What needs to be done |
Omit every picture and return the rest of the data unaltered.

Information provided |
---*---

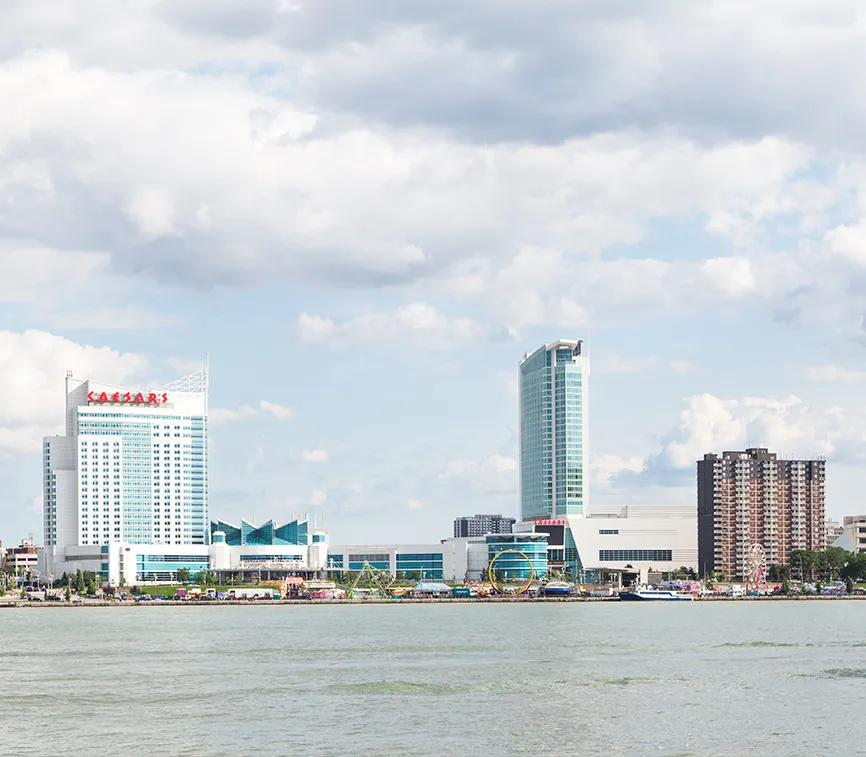 Paysage urbain de Windsor, vue de la rivière. Une foire avec des manèges prend vie au bord de l’eau. Plusieurs bâtiments dont ceux du Colisée Ceasars habitent l’espace en arrière-plan.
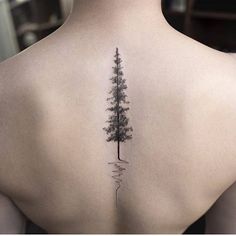 a woman's back with a pine tree tattoo on her left side ribcage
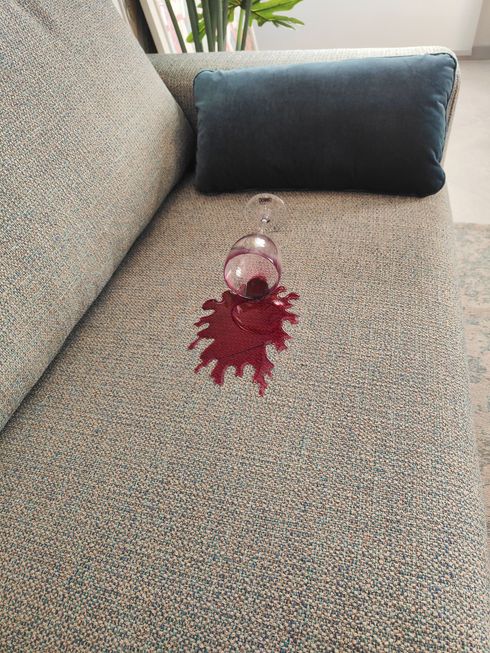 Un bicchiere di vino rovesciato su un divano.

---*---

Solution to this problem |
 Paysage urbain de Windsor, vue de la rivière. Une foire avec des manèges prend vie au bord de l’eau. Plusieurs bâtiments dont ceux du Colisée Ceasars habitent l’espace en arrière-plan.
 a woman's back with a pine tree tattoo on her left side ribcage
 Un bicchiere di vino rovesciato su un divano.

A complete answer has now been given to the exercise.